* _INPUT FOR THIS TASK_
──────────────────────────────
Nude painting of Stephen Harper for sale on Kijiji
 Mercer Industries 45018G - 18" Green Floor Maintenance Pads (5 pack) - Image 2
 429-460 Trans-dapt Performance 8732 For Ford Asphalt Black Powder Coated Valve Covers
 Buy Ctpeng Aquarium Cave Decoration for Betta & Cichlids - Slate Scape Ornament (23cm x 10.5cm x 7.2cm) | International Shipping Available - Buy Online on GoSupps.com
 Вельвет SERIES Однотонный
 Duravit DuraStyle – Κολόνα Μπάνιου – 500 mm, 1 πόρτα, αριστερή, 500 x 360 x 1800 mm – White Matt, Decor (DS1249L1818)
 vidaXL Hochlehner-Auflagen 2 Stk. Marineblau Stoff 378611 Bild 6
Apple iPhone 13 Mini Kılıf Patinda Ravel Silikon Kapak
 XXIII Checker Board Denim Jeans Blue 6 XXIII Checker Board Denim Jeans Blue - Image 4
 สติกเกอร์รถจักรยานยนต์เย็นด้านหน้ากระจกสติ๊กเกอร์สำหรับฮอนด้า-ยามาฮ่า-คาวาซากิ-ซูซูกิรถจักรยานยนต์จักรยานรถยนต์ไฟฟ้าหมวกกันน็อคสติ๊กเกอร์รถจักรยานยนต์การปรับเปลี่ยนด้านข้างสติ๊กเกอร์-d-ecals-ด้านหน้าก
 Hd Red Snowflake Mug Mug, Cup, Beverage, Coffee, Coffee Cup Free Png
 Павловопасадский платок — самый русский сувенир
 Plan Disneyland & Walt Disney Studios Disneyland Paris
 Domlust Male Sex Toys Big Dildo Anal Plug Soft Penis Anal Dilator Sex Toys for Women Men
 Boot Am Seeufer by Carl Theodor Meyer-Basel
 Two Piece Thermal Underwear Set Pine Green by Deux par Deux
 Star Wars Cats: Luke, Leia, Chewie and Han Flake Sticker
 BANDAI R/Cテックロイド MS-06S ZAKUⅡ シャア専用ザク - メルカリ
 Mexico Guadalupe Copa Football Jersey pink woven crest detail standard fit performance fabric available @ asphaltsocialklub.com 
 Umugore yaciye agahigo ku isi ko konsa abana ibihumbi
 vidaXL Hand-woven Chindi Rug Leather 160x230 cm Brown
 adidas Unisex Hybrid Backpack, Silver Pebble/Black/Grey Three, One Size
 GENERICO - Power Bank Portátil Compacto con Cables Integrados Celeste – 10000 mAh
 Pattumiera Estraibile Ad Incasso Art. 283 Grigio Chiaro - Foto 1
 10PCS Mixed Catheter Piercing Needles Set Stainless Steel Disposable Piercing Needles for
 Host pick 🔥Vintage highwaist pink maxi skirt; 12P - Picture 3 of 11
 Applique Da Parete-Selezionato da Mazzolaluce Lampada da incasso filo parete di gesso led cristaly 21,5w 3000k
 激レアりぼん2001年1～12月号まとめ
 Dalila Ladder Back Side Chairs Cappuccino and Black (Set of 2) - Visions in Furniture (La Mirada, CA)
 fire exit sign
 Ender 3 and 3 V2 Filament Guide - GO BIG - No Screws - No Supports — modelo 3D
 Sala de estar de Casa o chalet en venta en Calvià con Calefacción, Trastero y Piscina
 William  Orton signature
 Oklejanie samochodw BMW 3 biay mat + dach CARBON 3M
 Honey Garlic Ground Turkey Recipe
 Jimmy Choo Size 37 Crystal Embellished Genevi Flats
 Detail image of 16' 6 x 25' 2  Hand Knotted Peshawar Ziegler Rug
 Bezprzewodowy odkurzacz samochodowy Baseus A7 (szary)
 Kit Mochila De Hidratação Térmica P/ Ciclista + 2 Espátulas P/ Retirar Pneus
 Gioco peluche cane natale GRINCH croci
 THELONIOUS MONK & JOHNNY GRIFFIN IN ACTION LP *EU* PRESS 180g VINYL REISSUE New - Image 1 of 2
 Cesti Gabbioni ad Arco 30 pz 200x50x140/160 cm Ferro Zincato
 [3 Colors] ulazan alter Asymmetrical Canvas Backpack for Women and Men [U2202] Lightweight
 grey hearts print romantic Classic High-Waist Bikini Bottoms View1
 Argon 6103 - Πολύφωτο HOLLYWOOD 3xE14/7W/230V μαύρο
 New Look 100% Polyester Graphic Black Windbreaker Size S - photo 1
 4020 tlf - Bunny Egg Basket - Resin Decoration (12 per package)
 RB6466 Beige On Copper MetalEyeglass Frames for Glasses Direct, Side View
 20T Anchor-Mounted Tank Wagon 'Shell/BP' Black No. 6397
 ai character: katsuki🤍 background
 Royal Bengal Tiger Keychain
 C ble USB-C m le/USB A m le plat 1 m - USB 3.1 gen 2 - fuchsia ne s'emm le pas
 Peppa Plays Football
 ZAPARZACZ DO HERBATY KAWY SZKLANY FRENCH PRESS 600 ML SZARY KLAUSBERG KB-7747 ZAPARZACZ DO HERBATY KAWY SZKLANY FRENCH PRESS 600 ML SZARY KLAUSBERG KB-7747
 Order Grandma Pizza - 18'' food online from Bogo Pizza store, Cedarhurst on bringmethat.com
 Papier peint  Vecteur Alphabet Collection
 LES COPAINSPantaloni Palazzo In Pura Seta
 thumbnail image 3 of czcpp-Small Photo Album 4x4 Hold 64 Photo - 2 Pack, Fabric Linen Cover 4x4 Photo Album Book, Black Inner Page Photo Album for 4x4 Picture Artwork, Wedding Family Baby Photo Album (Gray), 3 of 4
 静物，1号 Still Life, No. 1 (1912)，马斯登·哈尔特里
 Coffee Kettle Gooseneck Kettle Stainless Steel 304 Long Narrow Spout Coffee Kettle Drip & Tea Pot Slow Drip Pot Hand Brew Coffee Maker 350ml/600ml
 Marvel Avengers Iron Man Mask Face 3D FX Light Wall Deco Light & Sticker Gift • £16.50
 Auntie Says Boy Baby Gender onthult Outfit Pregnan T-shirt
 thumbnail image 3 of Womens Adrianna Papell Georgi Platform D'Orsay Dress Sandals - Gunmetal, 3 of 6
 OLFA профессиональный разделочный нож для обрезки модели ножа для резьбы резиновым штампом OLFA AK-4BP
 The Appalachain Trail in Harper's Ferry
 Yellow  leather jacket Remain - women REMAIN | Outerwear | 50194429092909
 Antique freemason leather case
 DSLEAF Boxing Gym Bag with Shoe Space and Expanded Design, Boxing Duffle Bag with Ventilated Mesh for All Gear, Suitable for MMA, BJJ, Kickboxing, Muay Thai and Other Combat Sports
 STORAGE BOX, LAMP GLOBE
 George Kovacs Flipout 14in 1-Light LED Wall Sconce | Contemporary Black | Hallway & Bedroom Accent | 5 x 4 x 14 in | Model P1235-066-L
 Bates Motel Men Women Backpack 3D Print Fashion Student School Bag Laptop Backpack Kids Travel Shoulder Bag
──────────────────────────────
Reproduce the data above in full. Leave nothing out.

* _TASK ANSWER_
Nude painting of Stephen Harper for sale on Kijiji
 Mercer Industries 45018G - 18" Green Floor Maintenance Pads (5 pack) - Image 2
 429-460 Trans-dapt Performance 8732 For Ford Asphalt Black Powder Coated Valve Covers
 Buy Ctpeng Aquarium Cave Decoration for Betta & Cichlids - Slate Scape Ornament (23cm x 10.5cm x 7.2cm) | International Shipping Available - Buy Online on GoSupps.com
 Вельвет SERIES Однотонный
 Duravit DuraStyle – Κολόνα Μπάνιου – 500 mm, 1 πόρτα, αριστερή, 500 x 360 x 1800 mm – White Matt, Decor (DS1249L1818)
 vidaXL Hochlehner-Auflagen 2 Stk. Marineblau Stoff 378611 Bild 6
Apple iPhone 13 Mini Kılıf Patinda Ravel Silikon Kapak
 XXIII Checker Board Denim Jeans Blue 6 XXIII Checker Board Denim Jeans Blue - Image 4
 สติกเกอร์รถจักรยานยนต์เย็นด้านหน้ากระจกสติ๊กเกอร์สำหรับฮอนด้า-ยามาฮ่า-คาวาซากิ-ซูซูกิรถจักรยานยนต์จักรยานรถยนต์ไฟฟ้าหมวกกันน็อคสติ๊กเกอร์รถจักรยานยนต์การปรับเปลี่ยนด้านข้างสติ๊กเกอร์-d-ecals-ด้านหน้าก
 Hd Red Snowflake Mug Mug, Cup, Beverage, Coffee, Coffee Cup Free Png
 Павловопасадский платок — самый русский сувенир
 Plan Disneyland & Walt Disney Studios Disneyland Paris
 Domlust Male Sex Toys Big Dildo Anal Plug Soft Penis Anal Dilator Sex Toys for Women Men
 Boot Am Seeufer by Carl Theodor Meyer-Basel
 Two Piece Thermal Underwear Set Pine Green by Deux par Deux
 Star Wars Cats: Luke, Leia, Chewie and Han Flake Sticker
 BANDAI R/Cテックロイド MS-06S ZAKUⅡ シャア専用ザク - メルカリ
 Mexico Guadalupe Copa Football Jersey pink woven crest detail standard fit performance fabric available @ asphaltsocialklub.com 
 Umugore yaciye agahigo ku isi ko konsa abana ibihumbi
 vidaXL Hand-woven Chindi Rug Leather 160x230 cm Brown
 adidas Unisex Hybrid Backpack, Silver Pebble/Black/Grey Three, One Size
 GENERICO - Power Bank Portátil Compacto con Cables Integrados Celeste – 10000 mAh
 Pattumiera Estraibile Ad Incasso Art. 283 Grigio Chiaro - Foto 1
 10PCS Mixed Catheter Piercing Needles Set Stainless Steel Disposable Piercing Needles for
 Host pick 🔥Vintage highwaist pink maxi skirt; 12P - Picture 3 of 11
 Applique Da Parete-Selezionato da Mazzolaluce Lampada da incasso filo parete di gesso led cristaly 21,5w 3000k
 激レアりぼん2001年1～12月号まとめ
 Dalila Ladder Back Side Chairs Cappuccino and Black (Set of 2) - Visions in Furniture (La Mirada, CA)
 fire exit sign
 Ender 3 and 3 V2 Filament Guide - GO BIG - No Screws - No Supports — modelo 3D
 Sala de estar de Casa o chalet en venta en Calvià con Calefacción, Trastero y Piscina
 William  Orton signature
 Oklejanie samochodw BMW 3 biay mat + dach CARBON 3M
 Honey Garlic Ground Turkey Recipe
 Jimmy Choo Size 37 Crystal Embellished Genevi Flats
 Detail image of 16' 6 x 25' 2  Hand Knotted Peshawar Ziegler Rug
 Bezprzewodowy odkurzacz samochodowy Baseus A7 (szary)
 Kit Mochila De Hidratação Térmica P/ Ciclista + 2 Espátulas P/ Retirar Pneus
 Gioco peluche cane natale GRINCH croci
 THELONIOUS MONK & JOHNNY GRIFFIN IN ACTION LP *EU* PRESS 180g VINYL REISSUE New - Image 1 of 2
 Cesti Gabbioni ad Arco 30 pz 200x50x140/160 cm Ferro Zincato
 [3 Colors] ulazan alter Asymmetrical Canvas Backpack for Women and Men [U2202] Lightweight
 grey hearts print romantic Classic High-Waist Bikini Bottoms View1
 Argon 6103 - Πολύφωτο HOLLYWOOD 3xE14/7W/230V μαύρο
 New Look 100% Polyester Graphic Black Windbreaker Size S - photo 1
 4020 tlf - Bunny Egg Basket - Resin Decoration (12 per package)
 RB6466 Beige On Copper MetalEyeglass Frames for Glasses Direct, Side View
 20T Anchor-Mounted Tank Wagon 'Shell/BP' Black No. 6397
 ai character: katsuki🤍 background
 Royal Bengal Tiger Keychain
 C ble USB-C m le/USB A m le plat 1 m - USB 3.1 gen 2 - fuchsia ne s'emm le pas
 Peppa Plays Football
 ZAPARZACZ DO HERBATY KAWY SZKLANY FRENCH PRESS 600 ML SZARY KLAUSBERG KB-7747 ZAPARZACZ DO HERBATY KAWY SZKLANY FRENCH PRESS 600 ML SZARY KLAUSBERG KB-7747
 Order Grandma Pizza - 18'' food online from Bogo Pizza store, Cedarhurst on bringmethat.com
 Papier peint  Vecteur Alphabet Collection
 LES COPAINSPantaloni Palazzo In Pura Seta
 thumbnail image 3 of czcpp-Small Photo Album 4x4 Hold 64 Photo - 2 Pack, Fabric Linen Cover 4x4 Photo Album Book, Black Inner Page Photo Album for 4x4 Picture Artwork, Wedding Family Baby Photo Album (Gray), 3 of 4
 静物，1号 Still Life, No. 1 (1912)，马斯登·哈尔特里
 Coffee Kettle Gooseneck Kettle Stainless Steel 304 Long Narrow Spout Coffee Kettle Drip & Tea Pot Slow Drip Pot Hand Brew Coffee Maker 350ml/600ml
 Marvel Avengers Iron Man Mask Face 3D FX Light Wall Deco Light & Sticker Gift • £16.50
 Auntie Says Boy Baby Gender onthult Outfit Pregnan T-shirt
 thumbnail image 3 of Womens Adrianna Papell Georgi Platform D'Orsay Dress Sandals - Gunmetal, 3 of 6
 OLFA профессиональный разделочный нож для обрезки модели ножа для резьбы резиновым штампом OLFA AK-4BP
 The Appalachain Trail in Harper's Ferry
 Yellow  leather jacket Remain - women REMAIN | Outerwear | 50194429092909
 Antique freemason leather case
 DSLEAF Boxing Gym Bag with Shoe Space and Expanded Design, Boxing Duffle Bag with Ventilated Mesh for All Gear, Suitable for MMA, BJJ, Kickboxing, Muay Thai and Other Combat Sports
 STORAGE BOX, LAMP GLOBE
 George Kovacs Flipout 14in 1-Light LED Wall Sconce | Contemporary Black | Hallway & Bedroom Accent | 5 x 4 x 14 in | Model P1235-066-L
 Bates Motel Men Women Backpack 3D Print Fashion Student School Bag Laptop Backpack Kids Travel Shoulder Bag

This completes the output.